Gold's reputation as a safe haven has taken some damage over the past several years, but its recent performance suggests that the yellow metal has performed precisely that function of late. While the stock market has been slapped around in the fourth quarter, many investors have turned to gold -- and I think you should, too.

I know, you're about to tell me that gold is down for the year. That's true. However, while the S&P 500 has lost roughly 17% over the past three months, physical gold has picked up a tad more than 4%.

Here's my take:

 

The U.S. Dollar

A long position in gold is by definition a short position in the U.S. dollar, and the greenback has gained strength all year long.

The dollar has risen as the Federal Reserve made efforts to normalize monetary policy while much of the rest of the planet has been far slower to get into that position. You;d think that'd be bad for gold.

But year to date, gold has easily outperformed the S&P 500, falling just 5% instead of the S&P 500's 10% YTD drop.

Going forward, what's most interesting to me are these four questions:

  • Who would stand to gain the most should the dollar experience some decline in value as the global reserve currency?
  • Should world trade ultimately rely less upon the petrodollar?
  • Should a centralized cryptocurrency emerge with the support of several of the planet's central banks? (They could force taxation in the form of negative interest rates upon savings in this way.)
  • Should something akin to the International Monetary Fund's Special Drawing Rights (SDR) rise to the level of a global currency?

Again, I ask, who stands to gain the most if any of the above happen?

The easy answer would seem to be China and Russia, right?

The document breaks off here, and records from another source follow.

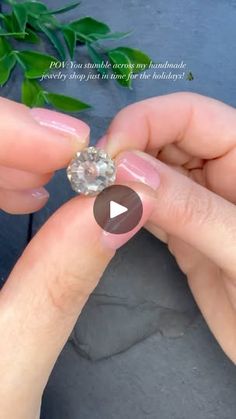 a person holding a diamond in their hand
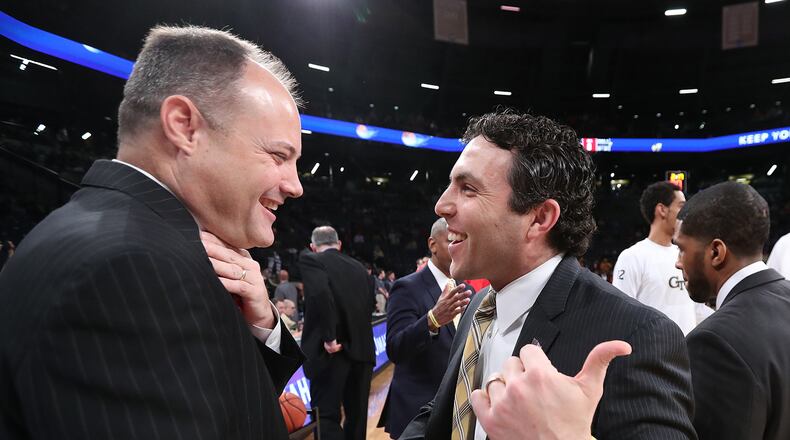 Georgia basketball coach Mark Fox (left) and Georgia Tech’s Josh Pastner were all smiles when they met for a game on Dec. 20. But only one is smiling now, late in the regular season. (Curtis Compton/ccompton@ajc.com)
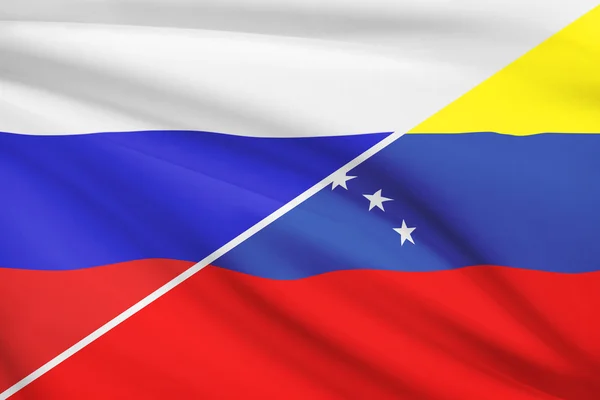 Serie von gekräuselte Flags. Russland und Bolivarische Republik venezuela. — Stockfoto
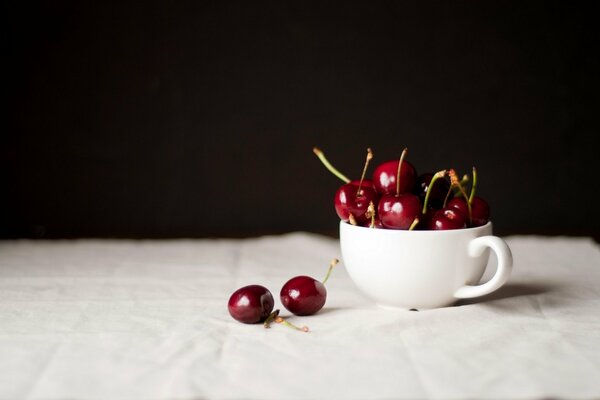 Cherries on the table in a white cup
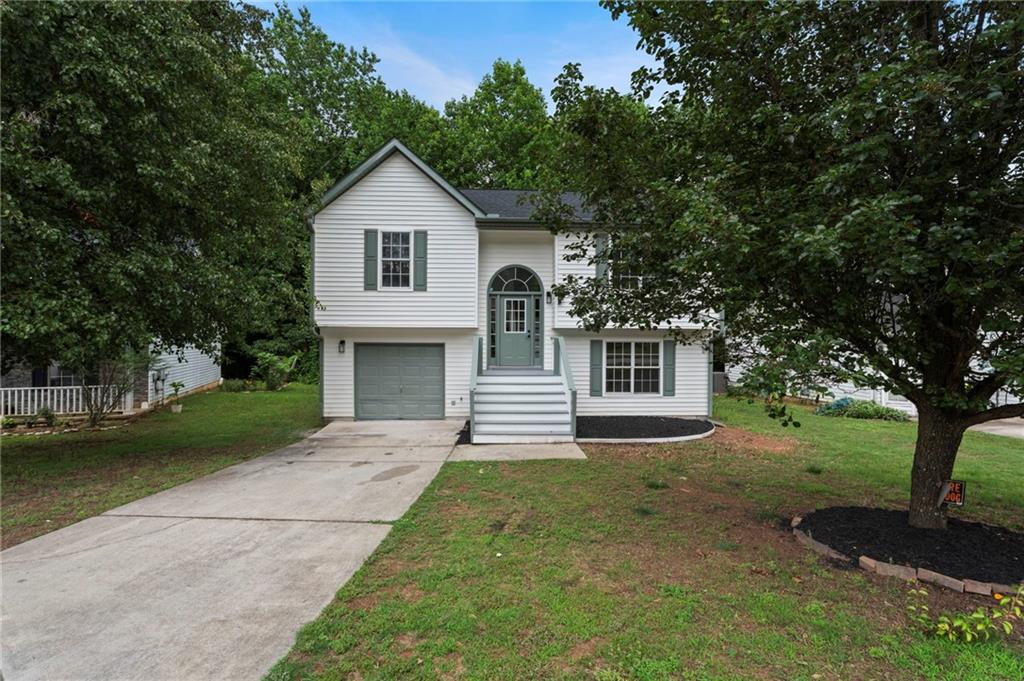 3602 Bristol Overlook Rex, GA 30273 - Photo 3 of 37 a front view of a house with a yard and garage
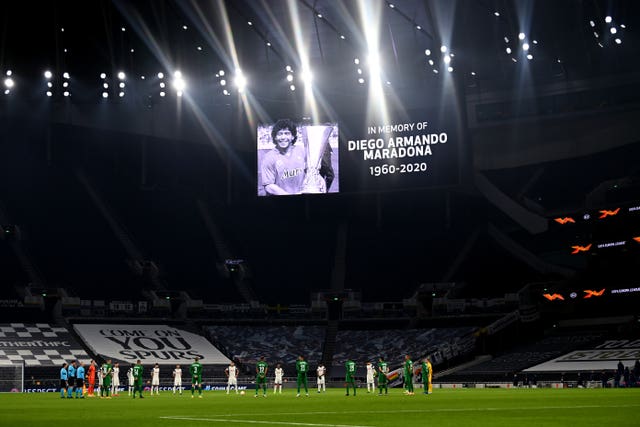 Players and officials observe a minute's silence at Tottenham Hotspur Stadium in memory of former Argentina player and manager Diego Maradona, who died on Wednesday 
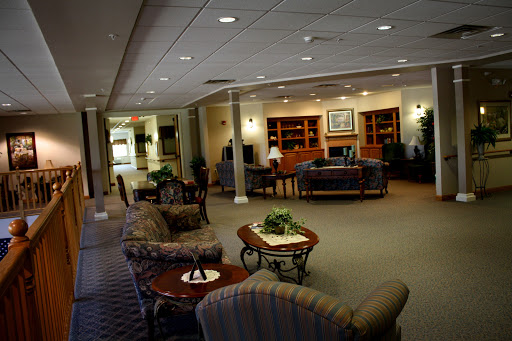A cozy lobby area featuring comfortable seating, bookshelves, and a welcoming atmosphere.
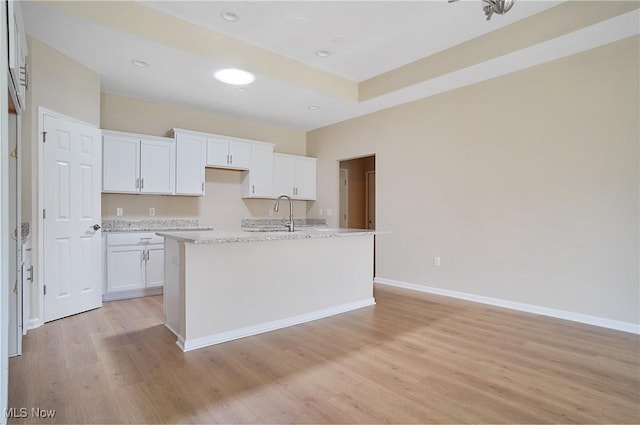 9264 Sharrott Rd Unit 1002, Poland, OH 44514 - kitchen with white cabinets, light wood-type flooring, an island with sink, light stone counters, and recessed lighting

Both have made overt efforts to see the dollar replaced in trade deals not involving the United States.

But do you know what? Those two central banks have been adding significantly to their holdings of physical gold.

IMF statistics show that since 2008's fourth quarter, the People's Bank of China has increased its gold reserves to 1,843 metric tons, up from just 600 tons 10 years ago. Similarly, the Bank of Russia's gold ownership has gone from 520 metric tons in 2008 to 2, 036 tons now. (By way of reference, the United States remains the world's largest hoarder of physical gold with 8,965 metric tons in reserve as of September.)

Yes, some claim that a gold-backed currency creates a less-flexible money supply, and no global currency is backed by gold now, nor have any of them been for many years.

Still, the United States appears for some reason to see a need to play "keep away" with bullion while two competitor nations who would benefit from the dollar's contraction have seen a reason greatly increase their gold reserves.

At the end of the day, one only really needs a few things: food, clean water, heat and the ability to defend yourself -- and a method to store value away from the global monetary system. Real estate is one way to do that last thing, but you can't buy food or safe passage with land or buildings. However, you can with gold.

Gold futures and the SPDR Gold Trust (GLD) are two tradable ways to own gold, while owning physical gold is a safe haven. I suggest that you make the metal 7.5% of your portfolio.